Awesome Joe! You must be feeling like a million! =D>


----------



## BLK fisher (Feb 11, 2008)

Good job guys keep at it.


----------



## Jim (Feb 18, 2008)

Fishin NJ said:


> So this weeks stats for me are as follows.
> 
> For 02/11/08 thru 02/18/08
> 
> ...




Me too man! Me too! I have been working out slowly but eating like a pig.


----------



## alumacraftjoe (Feb 19, 2008)

Forgot to post. 217 this week. Only down 1 pound this week, but I did take two days off the diet while out of town this past weekend.


----------



## Jim (Feb 22, 2008)

264.9 this morning  


up .6 pounds form last weigh in 2 weeks ago. It must be all the muscle Im packing on :roll: 


I need to control myself over the weekend and.....not eat a 2 pound roast all to myself.

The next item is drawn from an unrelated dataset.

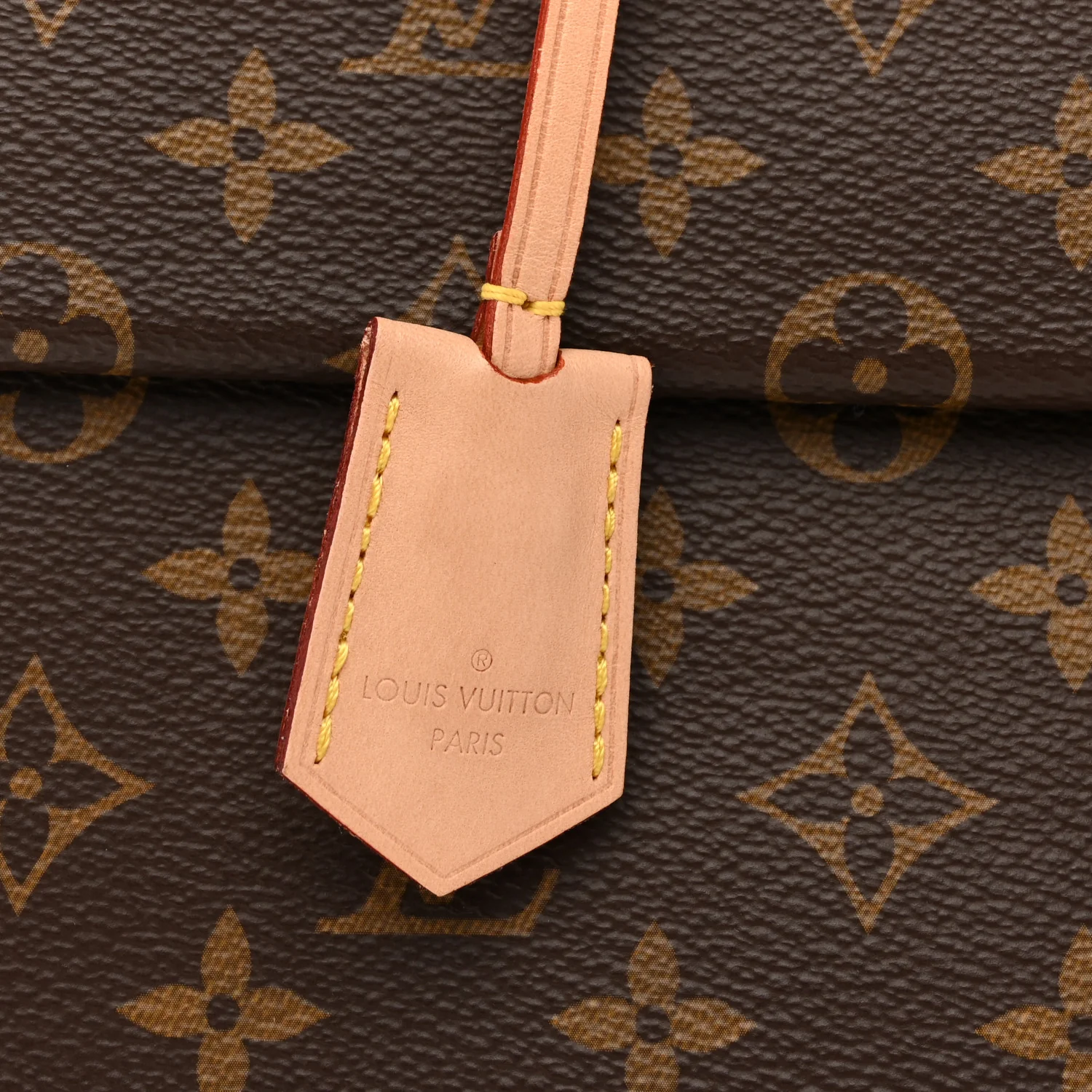 Monogram Cluny MM - Image 10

It was so good! medium rare with a nice light dry rub, jam packed with garlic like a blueberry muffin. My weakness, Im a carnivore. :lol:


----------



## Jim (Feb 29, 2008)

Weighed in this morning. 

261.1  

Down 3.8 from last weigh in.  


11.1 to go for my short term goal and I am going to eat the most delicious Chicken Parmesan sandwich you guys have ever seen. :shock:


----------



## alumacraftjoe (Feb 29, 2008)

Forgot to post on Monday... been a busy week. Anyway Monday morning weigh in 215lb's down 2lb's from last week. Since I started down 30lbs!!!!


----------



## alumacraftjoe (Mar 3, 2008)

212 this morning... down 3 pounds from last week and 33 over all.


----------



## Jim (Mar 3, 2008)

alumacraftjoe said:


> 212 this morning... down 3 pounds from last week and 33 over all.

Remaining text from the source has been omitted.